I've already published an article or two about this device, but I've recently gotten a kill-a-watt and used it to measure the power usage on my Silent MythTV Frontend.
A Kill-a-Watt is a device that measures power usage at an outlet. I'll be measuring a few things with it that I'll probably be posting about over the next few months.
Anyway, my Silent MythTV Frontend only uses 20-21 watts while playing video. At idle, we're at 16 watts. I quite pleased. Addinally, what I was using before averages about 80 watts.
I know you're probably smart enough to do the math, but that's about 75%-80% power savings. 60-64 watts may not sound like much, but would you leave a 60 watt light bulb running 24 hours a day if you didn't have to?
Based on an online power calculator I found, that equates to about $4.37 per month in power bill savings, or about $50 per year.
This probably isn't the best way to rationalize building a system like this, but the power savings would pay for the cost of the system in about 6 years.
In addition to the power savings, the real reason I built it is that it's 100% silent. For a place where PC noise isn't welcome, like a bedroom, it's a perfect solution.
The silence is golden, and the energy saving are a nice plus I didn't count on.
My next project is to try out building a MythTV backend on the same Via EPIA platform.
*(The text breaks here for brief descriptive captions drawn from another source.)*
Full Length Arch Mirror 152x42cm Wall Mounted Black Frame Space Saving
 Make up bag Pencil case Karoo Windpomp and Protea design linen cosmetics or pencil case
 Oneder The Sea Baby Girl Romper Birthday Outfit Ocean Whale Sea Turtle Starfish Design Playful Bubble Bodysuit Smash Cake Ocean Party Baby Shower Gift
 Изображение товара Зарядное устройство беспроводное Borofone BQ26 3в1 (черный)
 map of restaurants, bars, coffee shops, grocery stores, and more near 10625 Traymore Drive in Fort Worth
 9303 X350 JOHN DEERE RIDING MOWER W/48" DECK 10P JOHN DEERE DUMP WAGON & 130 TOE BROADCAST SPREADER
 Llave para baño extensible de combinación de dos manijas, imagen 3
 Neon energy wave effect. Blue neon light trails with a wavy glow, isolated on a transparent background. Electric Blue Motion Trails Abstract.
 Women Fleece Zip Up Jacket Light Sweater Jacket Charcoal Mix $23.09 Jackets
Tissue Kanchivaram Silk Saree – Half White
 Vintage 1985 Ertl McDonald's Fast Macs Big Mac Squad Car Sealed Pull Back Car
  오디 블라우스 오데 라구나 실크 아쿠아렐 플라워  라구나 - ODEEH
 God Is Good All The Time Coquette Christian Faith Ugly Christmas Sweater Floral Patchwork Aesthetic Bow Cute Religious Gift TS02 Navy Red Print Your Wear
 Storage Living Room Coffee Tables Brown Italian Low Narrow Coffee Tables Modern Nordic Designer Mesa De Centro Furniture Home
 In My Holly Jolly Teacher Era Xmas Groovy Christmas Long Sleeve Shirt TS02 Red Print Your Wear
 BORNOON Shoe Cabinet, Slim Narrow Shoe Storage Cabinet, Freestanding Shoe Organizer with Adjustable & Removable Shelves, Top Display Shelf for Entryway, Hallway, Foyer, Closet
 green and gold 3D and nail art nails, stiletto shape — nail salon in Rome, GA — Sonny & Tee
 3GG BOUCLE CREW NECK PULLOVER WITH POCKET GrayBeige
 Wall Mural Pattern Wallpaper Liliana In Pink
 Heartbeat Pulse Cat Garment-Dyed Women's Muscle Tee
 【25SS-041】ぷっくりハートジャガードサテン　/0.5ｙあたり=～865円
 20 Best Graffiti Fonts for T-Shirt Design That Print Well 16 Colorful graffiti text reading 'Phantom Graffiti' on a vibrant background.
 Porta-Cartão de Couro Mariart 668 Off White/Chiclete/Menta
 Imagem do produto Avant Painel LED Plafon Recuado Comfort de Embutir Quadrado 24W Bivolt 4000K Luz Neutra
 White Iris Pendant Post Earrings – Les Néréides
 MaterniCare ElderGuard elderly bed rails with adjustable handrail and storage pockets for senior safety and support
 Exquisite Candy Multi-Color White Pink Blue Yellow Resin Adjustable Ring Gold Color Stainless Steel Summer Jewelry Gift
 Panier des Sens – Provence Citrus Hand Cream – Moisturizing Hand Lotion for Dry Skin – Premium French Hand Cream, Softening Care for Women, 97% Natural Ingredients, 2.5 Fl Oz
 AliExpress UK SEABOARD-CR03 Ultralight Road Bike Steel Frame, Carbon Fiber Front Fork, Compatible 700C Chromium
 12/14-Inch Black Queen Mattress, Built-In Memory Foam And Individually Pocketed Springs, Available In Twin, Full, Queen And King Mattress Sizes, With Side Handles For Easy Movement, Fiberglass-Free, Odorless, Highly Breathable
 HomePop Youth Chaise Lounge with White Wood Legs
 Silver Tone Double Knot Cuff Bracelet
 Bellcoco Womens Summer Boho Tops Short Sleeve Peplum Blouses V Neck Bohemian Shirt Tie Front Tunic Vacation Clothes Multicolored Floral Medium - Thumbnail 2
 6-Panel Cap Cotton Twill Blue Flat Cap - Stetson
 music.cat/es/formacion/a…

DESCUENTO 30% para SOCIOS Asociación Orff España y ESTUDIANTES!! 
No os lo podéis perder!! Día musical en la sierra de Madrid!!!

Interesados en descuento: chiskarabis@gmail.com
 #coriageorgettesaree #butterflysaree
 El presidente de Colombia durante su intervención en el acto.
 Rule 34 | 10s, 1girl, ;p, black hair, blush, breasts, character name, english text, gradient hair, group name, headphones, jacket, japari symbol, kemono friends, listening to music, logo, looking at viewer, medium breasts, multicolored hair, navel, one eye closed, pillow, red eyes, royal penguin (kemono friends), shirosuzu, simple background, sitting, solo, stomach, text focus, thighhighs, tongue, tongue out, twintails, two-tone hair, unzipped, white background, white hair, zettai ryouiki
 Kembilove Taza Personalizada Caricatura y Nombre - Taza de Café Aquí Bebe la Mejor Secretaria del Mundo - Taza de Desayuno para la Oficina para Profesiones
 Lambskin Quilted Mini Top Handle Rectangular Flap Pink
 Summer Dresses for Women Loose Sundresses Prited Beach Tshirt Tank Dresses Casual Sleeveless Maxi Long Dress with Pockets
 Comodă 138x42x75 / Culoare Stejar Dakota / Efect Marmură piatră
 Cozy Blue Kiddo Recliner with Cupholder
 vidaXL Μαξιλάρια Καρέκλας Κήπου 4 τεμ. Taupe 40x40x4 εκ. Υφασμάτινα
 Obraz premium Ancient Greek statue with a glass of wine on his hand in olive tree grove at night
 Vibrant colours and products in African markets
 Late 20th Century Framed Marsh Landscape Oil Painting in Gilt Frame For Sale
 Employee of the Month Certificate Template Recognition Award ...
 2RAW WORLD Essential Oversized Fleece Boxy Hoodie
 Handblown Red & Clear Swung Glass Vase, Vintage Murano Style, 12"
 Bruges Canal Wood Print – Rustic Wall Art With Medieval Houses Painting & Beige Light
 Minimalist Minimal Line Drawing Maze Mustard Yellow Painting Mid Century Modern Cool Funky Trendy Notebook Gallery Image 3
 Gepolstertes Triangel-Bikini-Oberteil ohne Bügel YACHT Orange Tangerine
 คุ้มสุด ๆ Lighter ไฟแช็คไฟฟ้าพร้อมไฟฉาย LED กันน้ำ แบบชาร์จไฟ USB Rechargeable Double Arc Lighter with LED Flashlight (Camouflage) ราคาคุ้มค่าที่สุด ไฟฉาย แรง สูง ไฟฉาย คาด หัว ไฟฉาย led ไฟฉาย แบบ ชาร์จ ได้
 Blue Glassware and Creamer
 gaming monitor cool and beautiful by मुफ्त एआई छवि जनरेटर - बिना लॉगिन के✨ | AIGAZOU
It won't be silent, but I'm curious what type of power savings I can achieve.

Did you try to play any HD
Did you try to play any HD recordings on your frontend ?
If so how does it handle it, any stutter ?
I had a XBOX with XBMC to watch my recordings but it doesn't have enough horsepower to decode HD smoothly...
No HD
I don't have an HDTV (yet), but I have seen forum and mailing list postings that seem to indicate that this motherboard can't handle HDTV.
For now since I don't have HDTV, it's not a big deal for me.